» Exercise requirements
Using the data below, output a verbatim copy of the lines between the one holding "Promoção Relâmpago 5853" and the one holding "Oesterboek 9789020953329 S.", inclusive, without any pictures.

» Data records
****

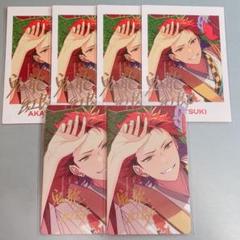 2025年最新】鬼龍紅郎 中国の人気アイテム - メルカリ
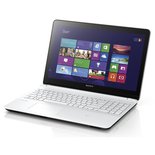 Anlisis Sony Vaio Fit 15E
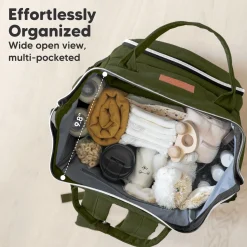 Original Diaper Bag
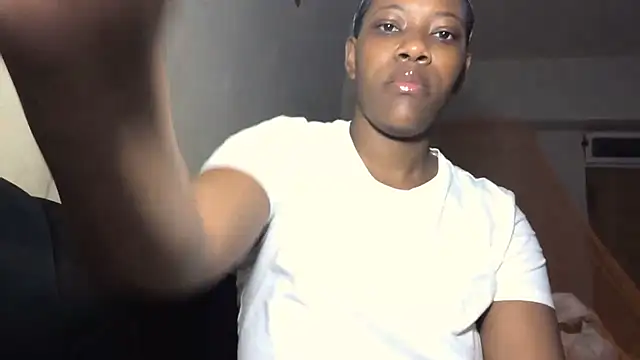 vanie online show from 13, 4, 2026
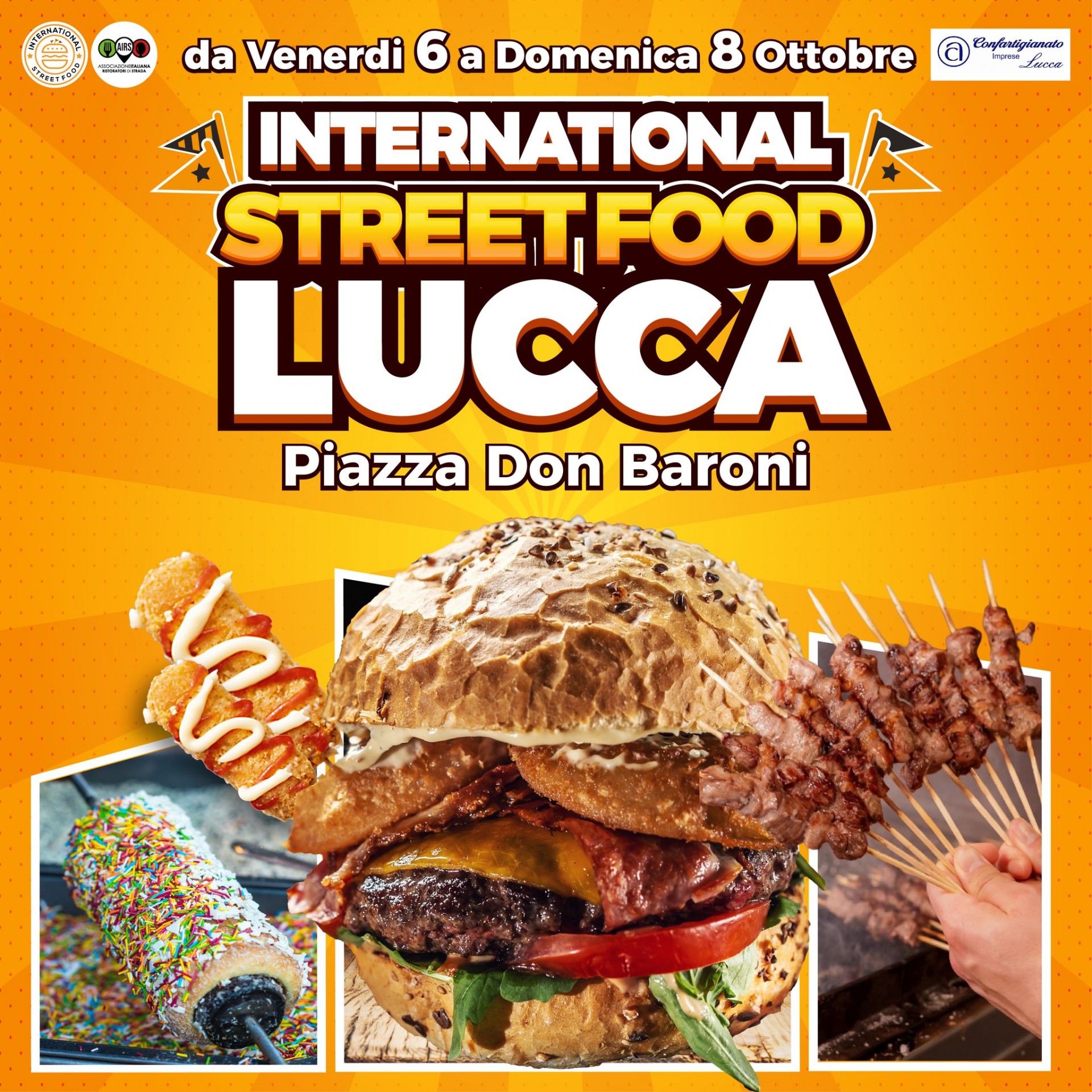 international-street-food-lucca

****

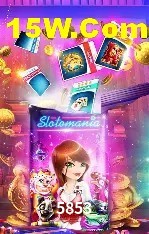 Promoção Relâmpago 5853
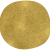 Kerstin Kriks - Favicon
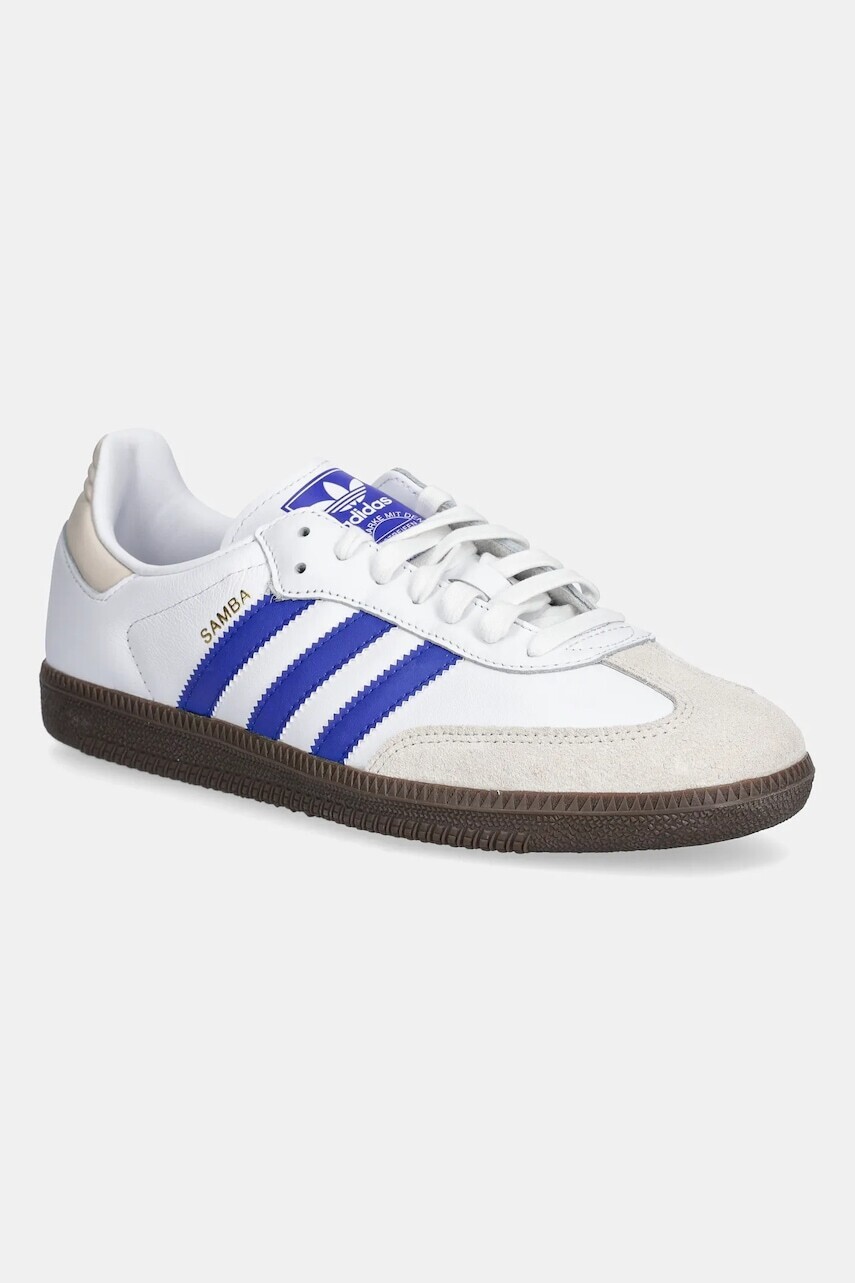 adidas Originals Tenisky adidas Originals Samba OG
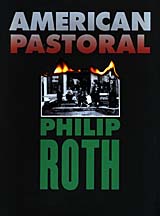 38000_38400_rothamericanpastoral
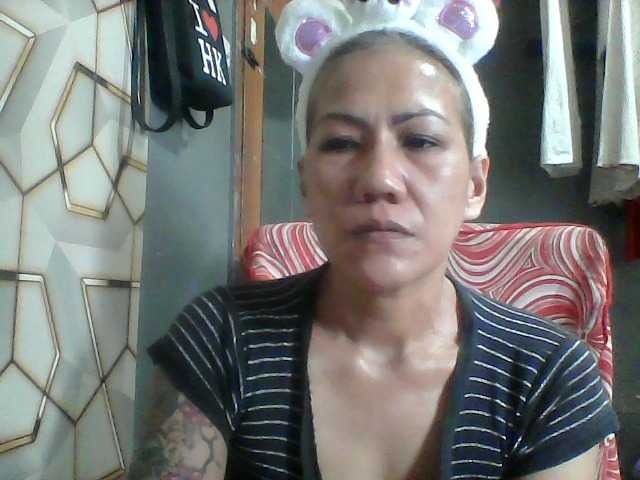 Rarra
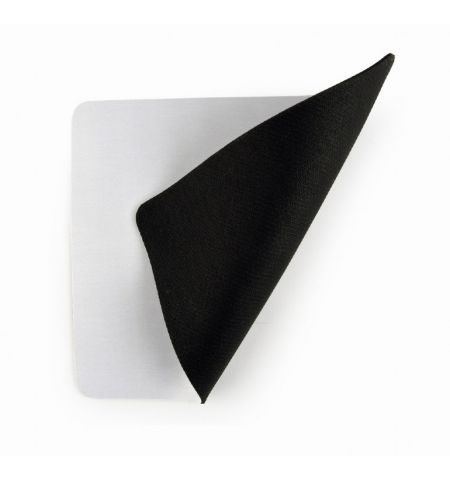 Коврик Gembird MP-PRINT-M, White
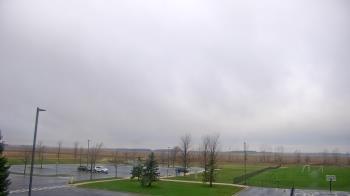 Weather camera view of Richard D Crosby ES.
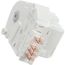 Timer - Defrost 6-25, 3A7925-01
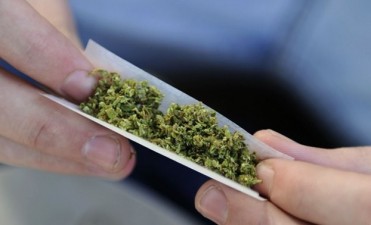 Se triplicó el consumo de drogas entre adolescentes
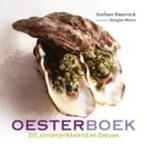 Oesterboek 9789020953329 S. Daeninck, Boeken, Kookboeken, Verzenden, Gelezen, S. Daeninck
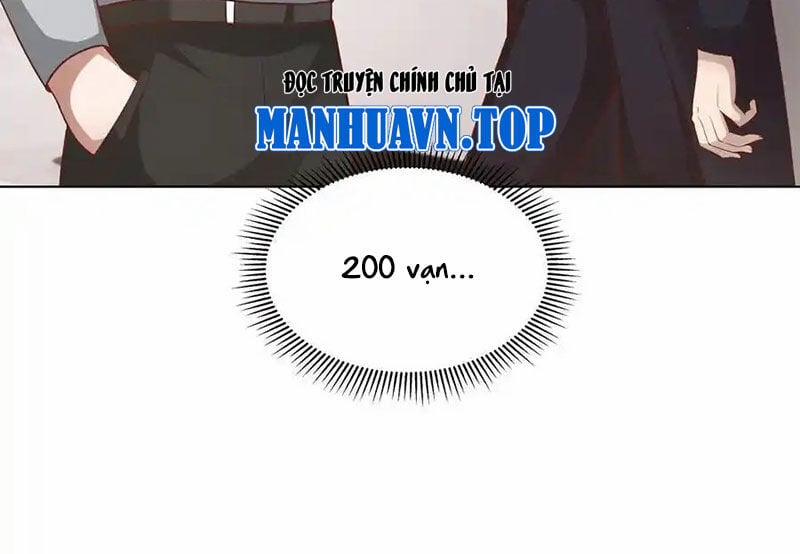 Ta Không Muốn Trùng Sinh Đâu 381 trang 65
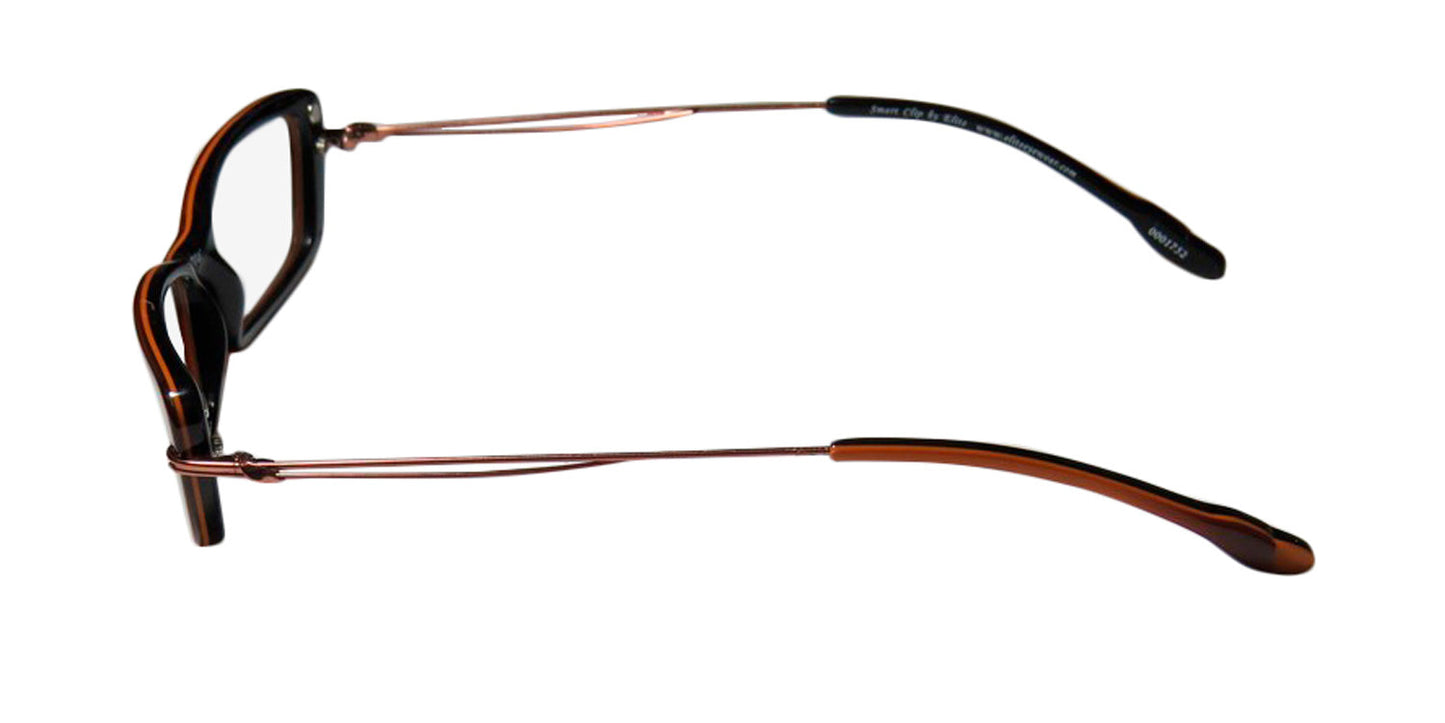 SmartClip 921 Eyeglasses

****

» Reply to the task
 Promoção Relâmpago 5853
 Kerstin Kriks - Favicon
 adidas Originals Tenisky adidas Originals Samba OG
 38000_38400_rothamericanpastoral
 Rarra
 Коврик Gembird MP-PRINT-M, White
 Weather camera view of Richard D Crosby ES.
 Timer - Defrost 6-25, 3A7925-01
 Se triplicó el consumo de drogas entre adolescentes
 Oesterboek 9789020953329 S. Daeninck, Boeken, Kookboeken, Verzenden, Gelezen, S. Daeninck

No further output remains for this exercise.